Exercise aim:
Once the images are set aside, return every entry exactly.

(Collected data entries)
· · · ·
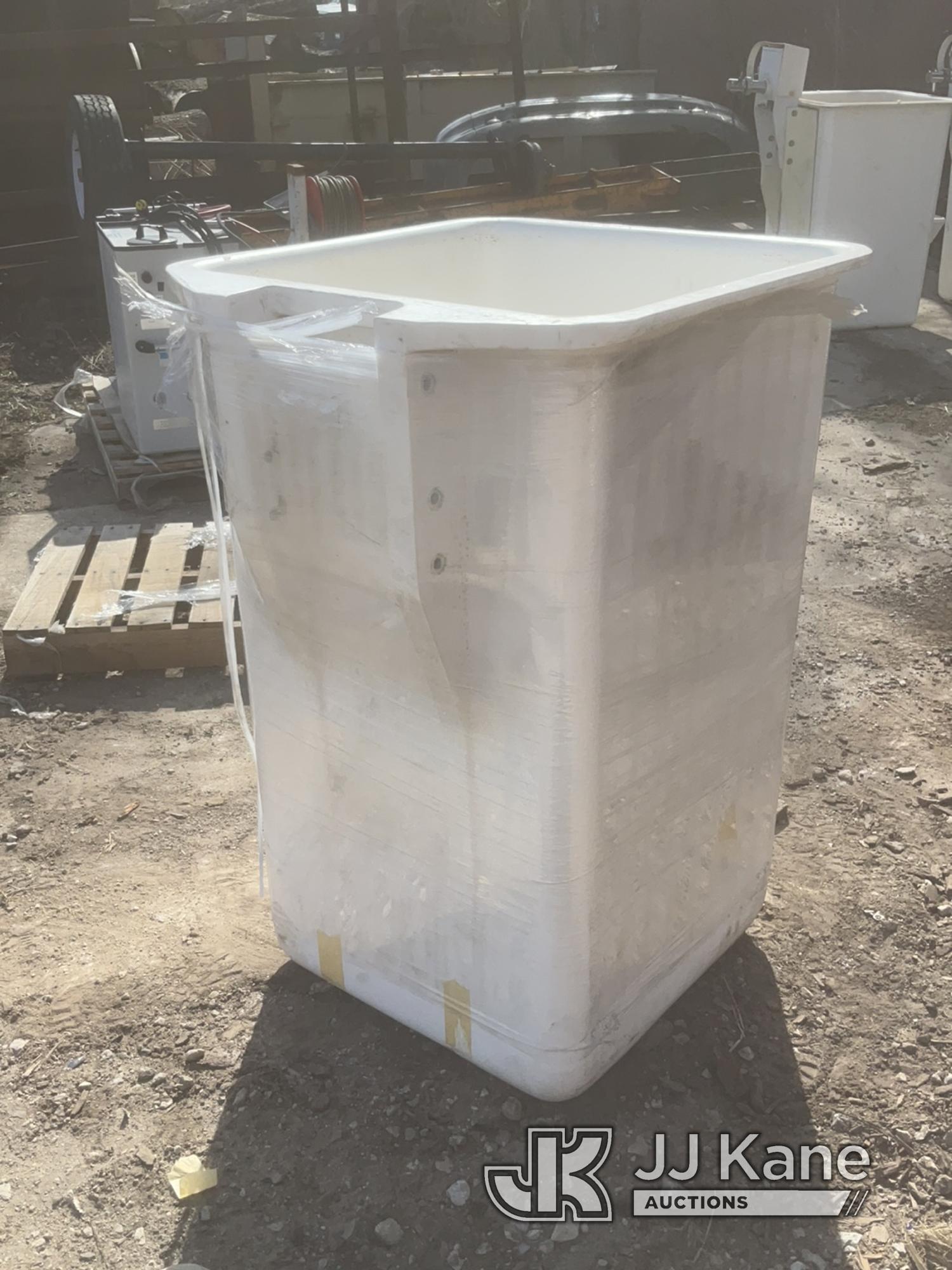 (Des Moines, IA) Altec Bucket 25in x 25in area 3ft 4in tall NOTE: This unit is being sold AS IS/WHER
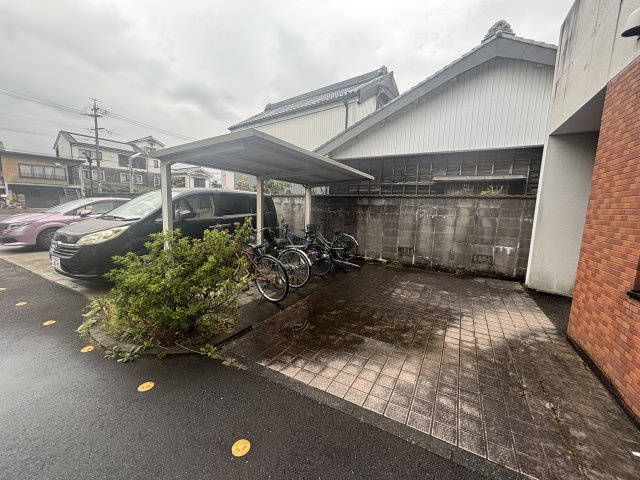 ライトクロト半田の駐車場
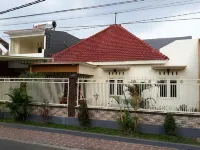 Menari Guesthouse Hotels in Sukun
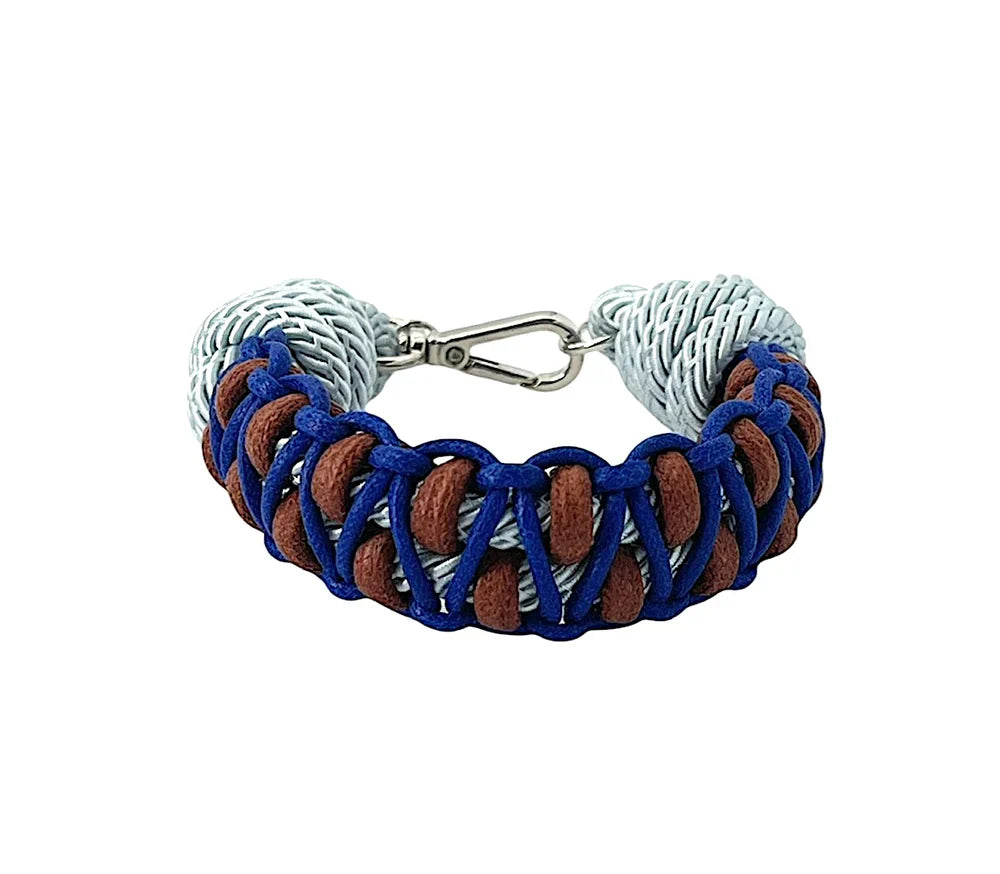 Blues Emil bracelet by MY BOB, handcrafted macramé with bohemian 70s flair and vibrant colors. Part of House of Nomad Stories selection.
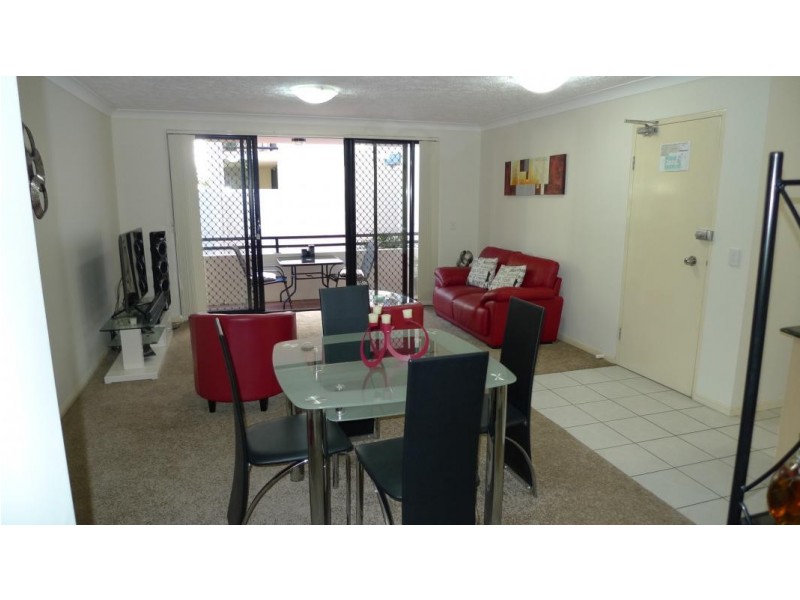 1 / 38 Labrador Street, Labrador QLD 4215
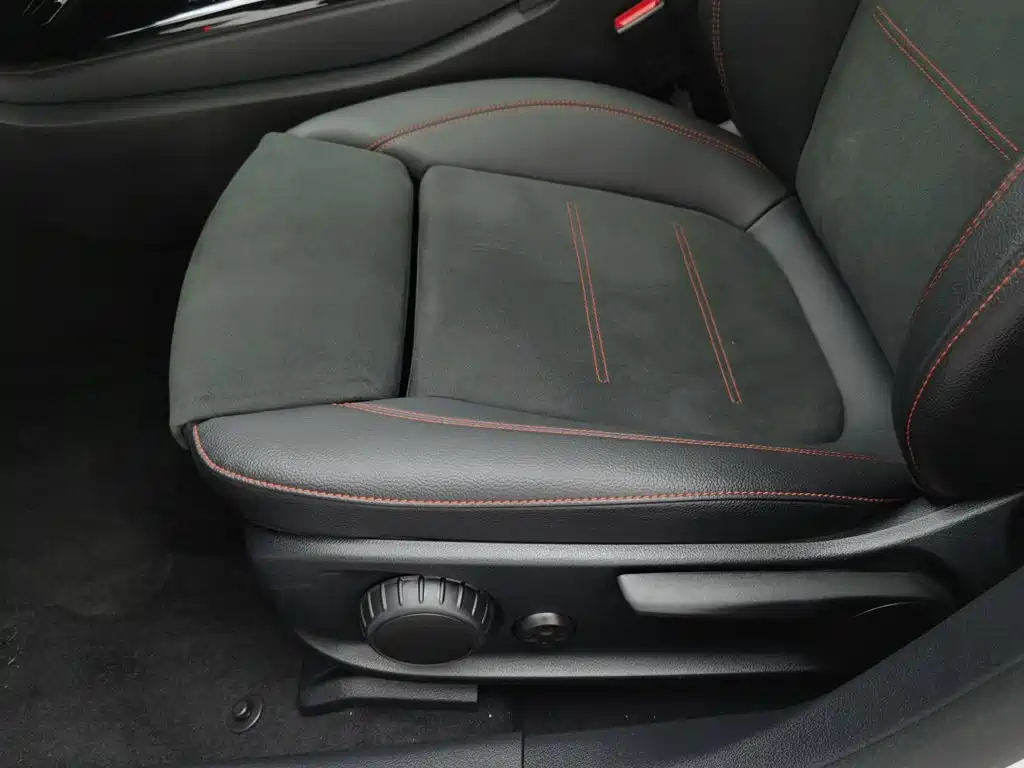 Mercedes-Benz CLA (Import) — фото 20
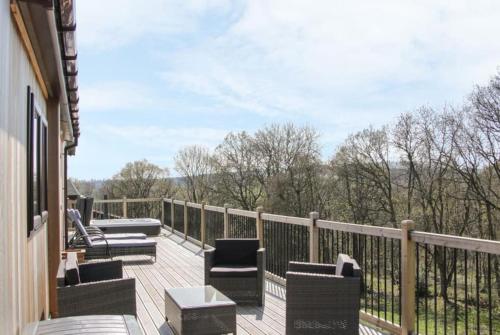 Fabulous detached lodge with hot tub two nights minimum stay in Billingsley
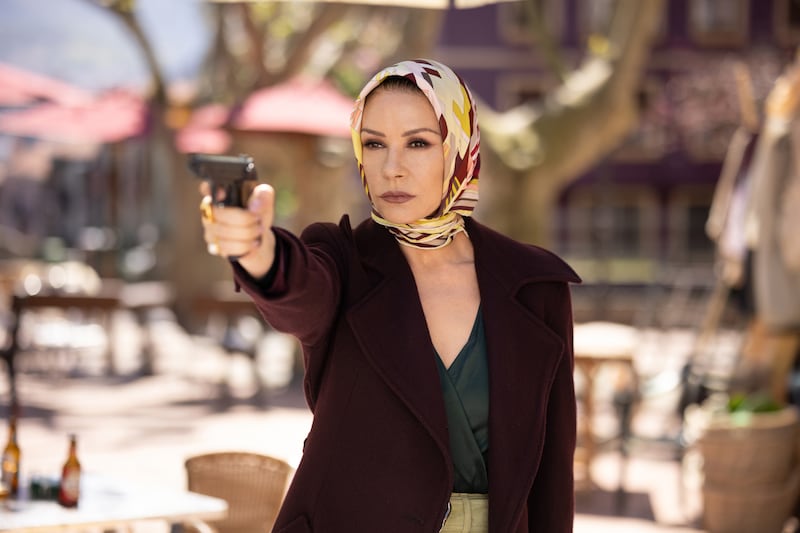 Catherine Zeta-Jones as Jackie Price.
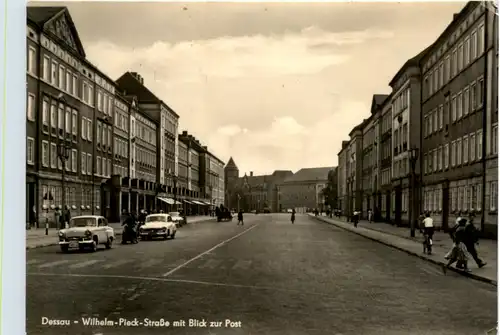 Dessau, Wilhelm-Pieck-Strasse mit Blick zur Post -374218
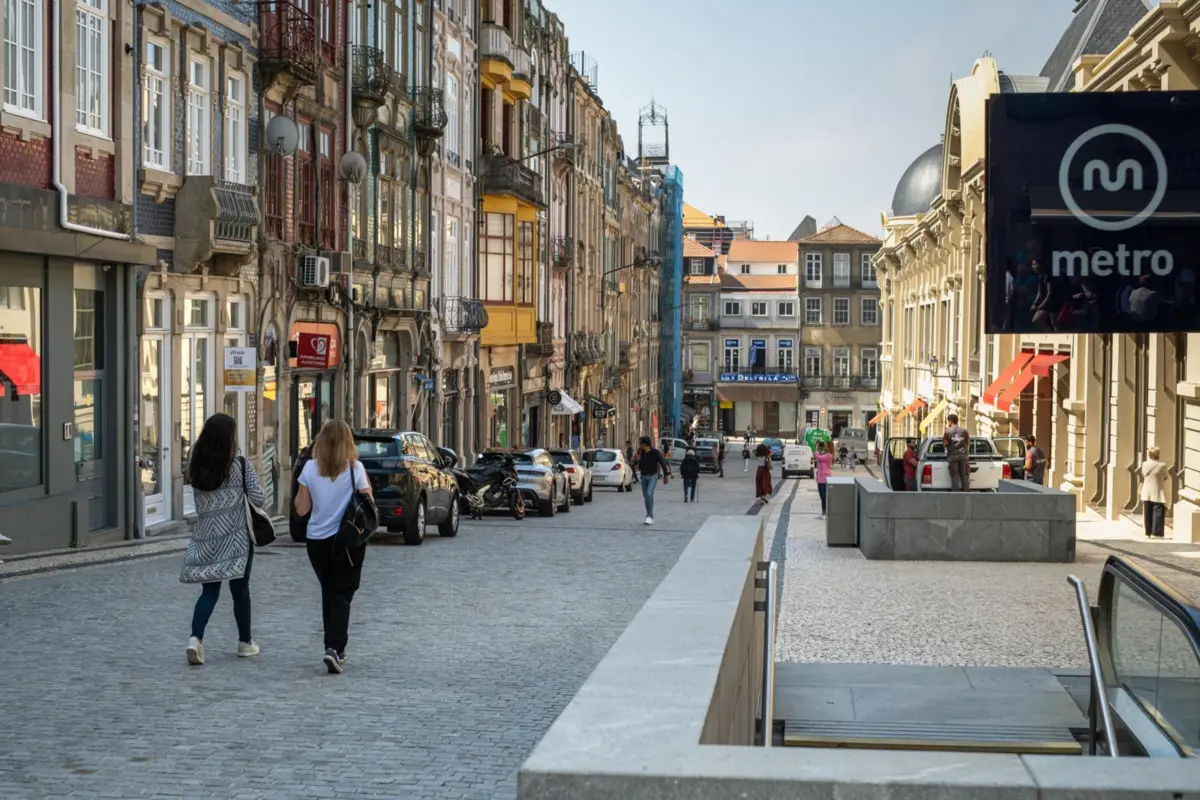 Imagem de contexto do artigo Homem esfaqueado em rixa junto à estação do metro do Bolhão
· · · ·
Response to the exercise:
 (Des Moines, IA) Altec Bucket 25in x 25in area 3ft 4in tall NOTE: This unit is being sold AS IS/WHER
 ライトクロト半田の駐車場
 Menari Guesthouse Hotels in Sukun
 Blues Emil bracelet by MY BOB, handcrafted macramé with bohemian 70s flair and vibrant colors. Part of House of Nomad Stories selection.
 1 / 38 Labrador Street, Labrador QLD 4215
 Mercedes-Benz CLA (Import) — фото 20
 Fabulous detached lodge with hot tub two nights minimum stay in Billingsley
 Catherine Zeta-Jones as Jackie Price.
 Dessau, Wilhelm-Pieck-Strasse mit Blick zur Post -374218
 Imagem de contexto do artigo Homem esfaqueado em rixa junto à estação do metro do Bolhão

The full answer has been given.